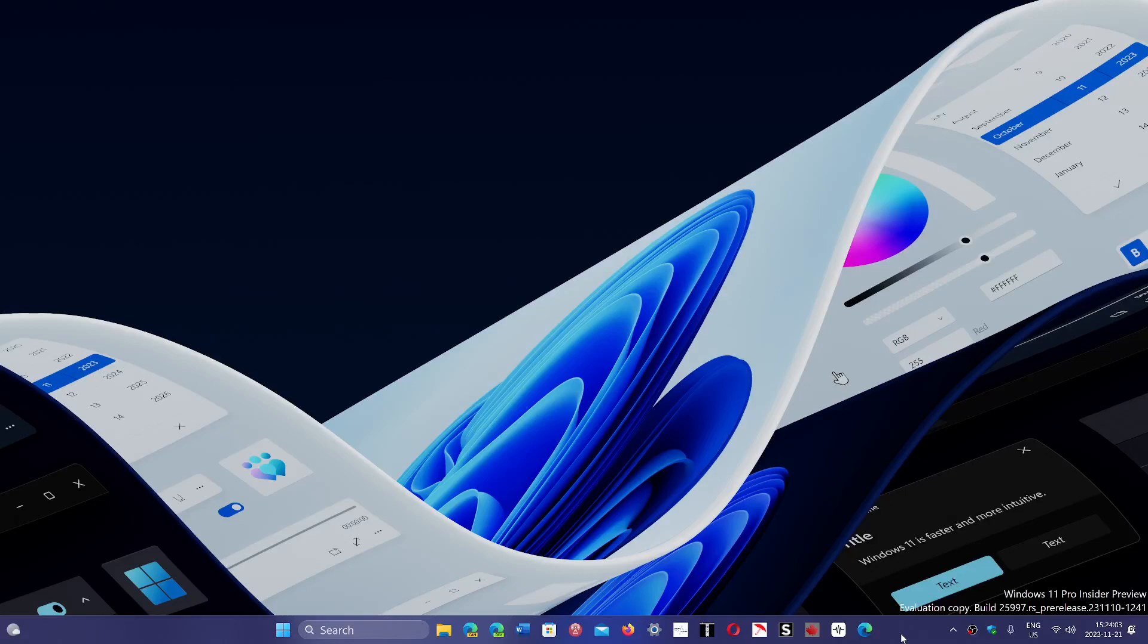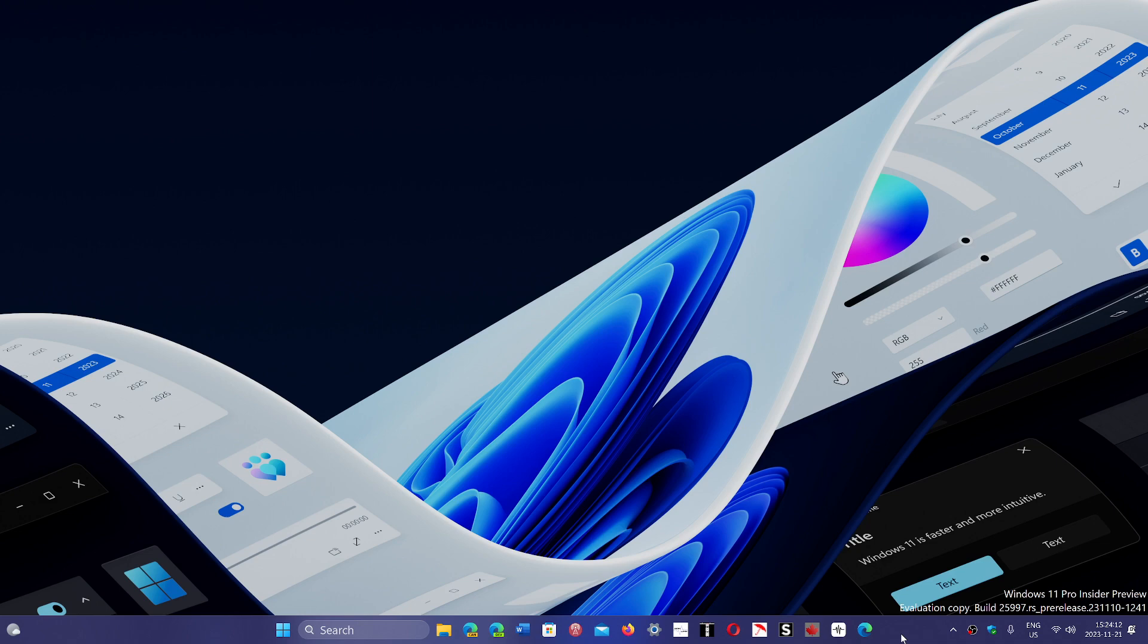Welcome to the Windows Computer and Technology channel. We talked about how unfair in some way it is that the European economic area will get changes to Windows that a lot of people would love to have everywhere else, including the ability to remove or uninstall Microsoft Edge easily.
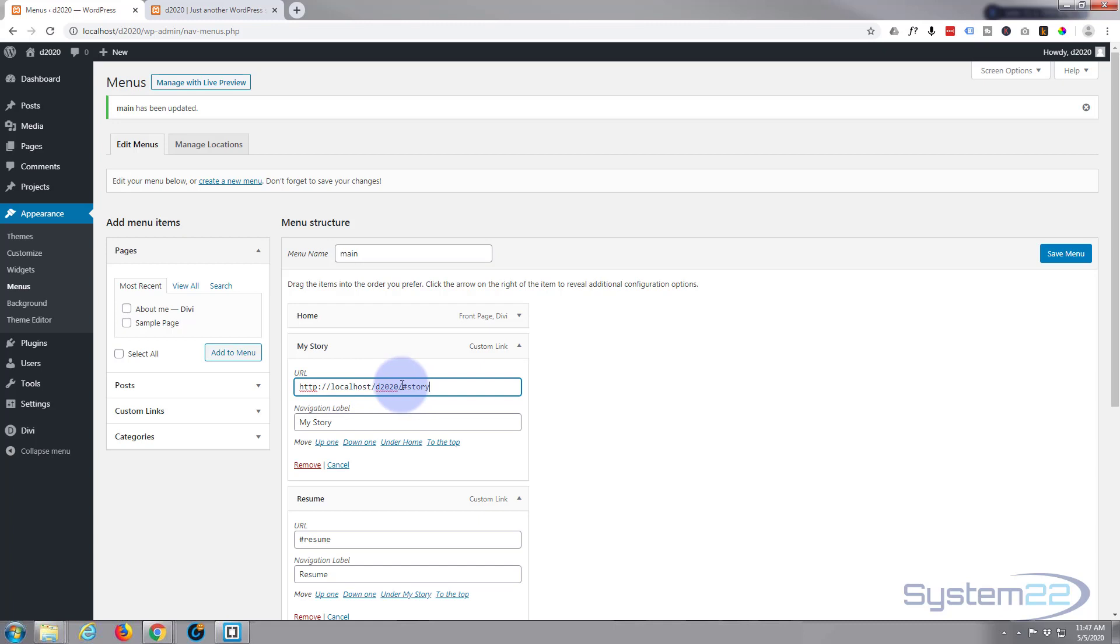Now mine's offline, I'm building this locally on my computer. If you want to learn how to do that with WordPress, there's a link down below. Yours may be HTTP www.yourdomain.com and the name of your site and then the hashtag.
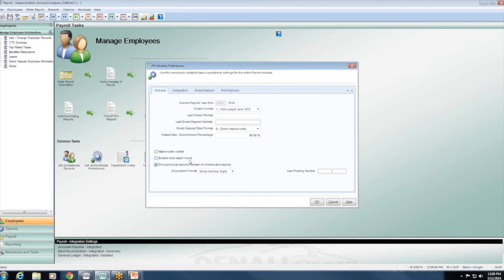Enable multi-batch mode is another great option in payroll, just like the other modules. If you need to enter an adjustment without affecting a current batch, you can open a new batch, enter the adjustment, post it, and then continue working on the current batch without any interference.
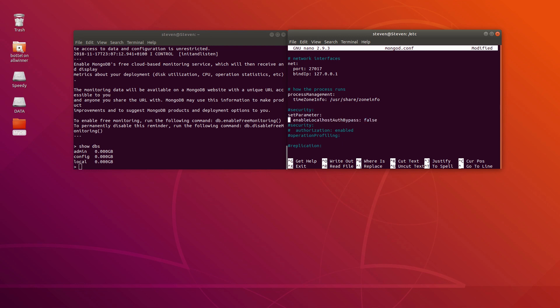For this tutorial, I will set the parameter 'enableLocalhostAuthenticationBypass'. If the client connects from localhost, it will be automatically authenticated — but for our tutorial we want to disable this. This can also be useful in a real-world scenario: even if someone has access to your machine, they still cannot alter your database without a username and password.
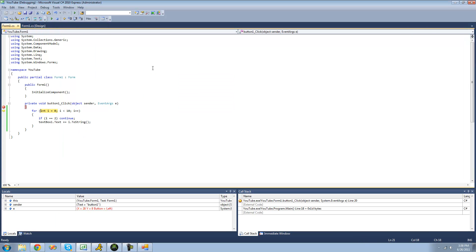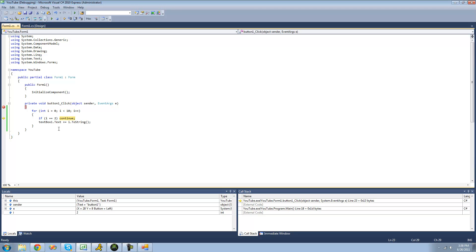Now I'm going to click this button — go down, create i, check if i is less than 10, go into the for statement, check if i equals 2, and no, it's 0, so it will write it into the text box. Then increment i by 1 and do the whole process again. Now that i equals 2, it checks if i equals 2 — since it does, it hits the continue keyword and jumps down, skipping the rest of the code inside the for statement and going right back up. Then it increments i by 1, checks again — i equals 3, so it skips the continue and comes down to print.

--- --- ---

§ ABOUT THIS TASK: Take the lines of the material above from the first through the one containing "For this tutorial, I", both included, and print them exactly without the pictures.

§ SOLUTION BELOW:
Welcome to the Windows Computer and Technology channel. We talked about how unfair in some way it is that the European economic area will get changes to Windows that a lot of people would love to have everywhere else, including the ability to remove or uninstall Microsoft Edge easily.
Now mine's offline, I'm building this locally on my computer. If you want to learn how to do that with WordPress, there's a link down below. Yours may be HTTP www.yourdomain.com and the name of your site and then the hashtag.
Enable multi-batch mode is another great option in payroll, just like the other modules. If you need to enter an adjustment without affecting a current batch, you can open a new batch, enter the adjustment, post it, and then continue working on the current batch without any interference.
For this tutorial, I will set the parameter 'enableLocalhostAuthenticationBypass'. If the client connects from localhost, it will be automatically authenticated — but for our tutorial we want to disable this. This can also be useful in a real-world scenario: even if someone has access to your machine, they still cannot alter your database without a username and password.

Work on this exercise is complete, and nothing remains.